^ The switching circuit is the problem, usually its semiconductor controlled or triac. Problem with commercial emergency lights is that you need to periodically check/replace the batteries, and that adds to your home maintenance routine. The old system use 6V VRLA batteries in 6V lightning, while newer LED emergency lights use 4V batteries that is not common in the grocery. As long as the emergency light is plugged, batteries tend to wear fast because most commercial charger are poorly designed, add to that VRLA wants cool environments for them to last.

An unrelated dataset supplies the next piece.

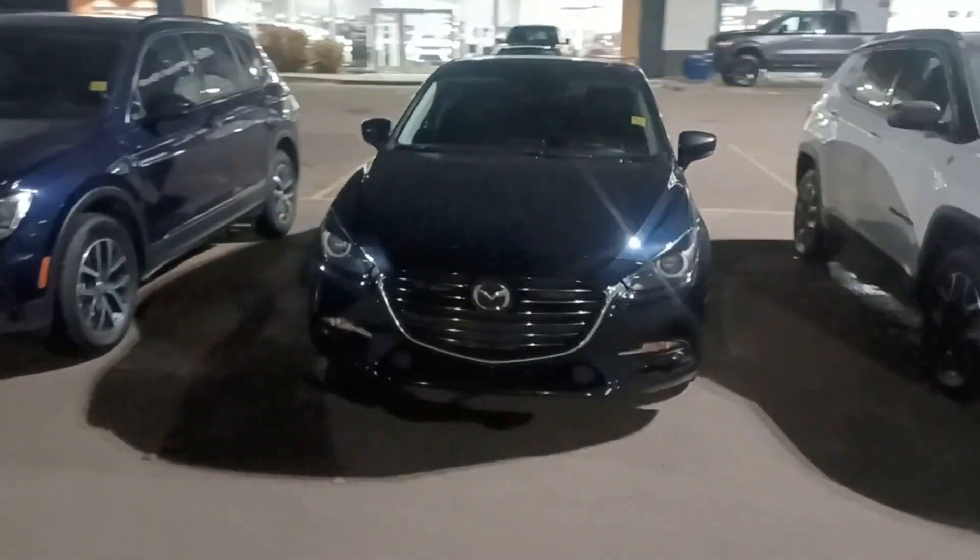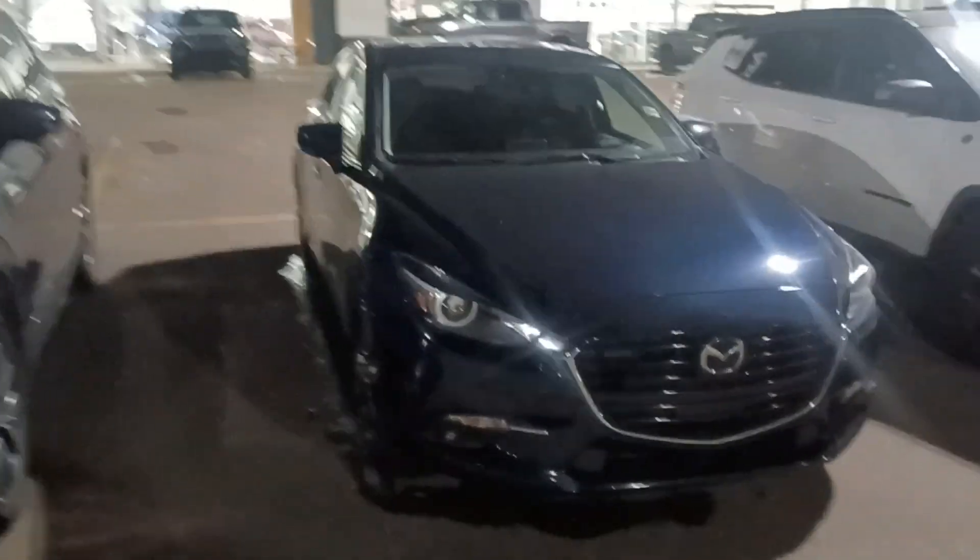Hi Sharon, I'm Nizar from Sherwood Dodge. I have this 2018 Mazda 3 Sport here. It comes with leather interior, power windows, power locks, a big screen, and heated seats.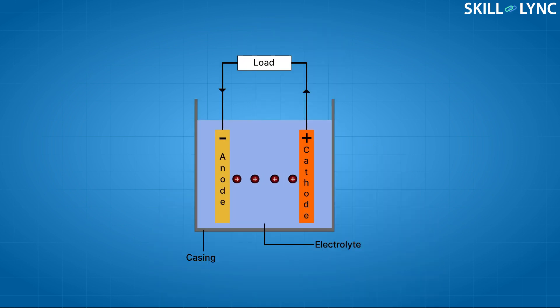The first component we are going to talk about is electrodes. A battery needs at least two electrodes to function — the cathode and the anode. The definition of cathode and anode varies with the state of the function. When the battery is undergoing discharge, the electrode that releases electrons is called the anode, and the electrode that absorbs the electrons is called the cathode. This reverses during the charging process.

If you are a DIYer, you can just buy a DPDT relay, it comes in AC powered that can be mounted in a rail. At normal condition when there is commercial power, relay is energized and the contacts going to the emergency lightning is disconneted. When commercial power turns off, relay contacts will go to normally-closed state activating the emergency light. You will be needing a used car battery or any VRLA rated atleast 40AH, 12V Led lights(common to automotive applications)-or a flourescent tube with cheap electronic ballast(similar to what autos and bus use). Charge the battery every month for about 4hours.
Going DIY has some bonus...
For prolonged blackouts, you may run a wire going to your car.
CDRKing automotive inverters can be wired too if you want to charge mobile phones.
Connect a 12V solar charging sytem..
Simple and endless possibilities.
BTW, I have this in the farm and house in the province, its running for 5+yrs batteries just wont die.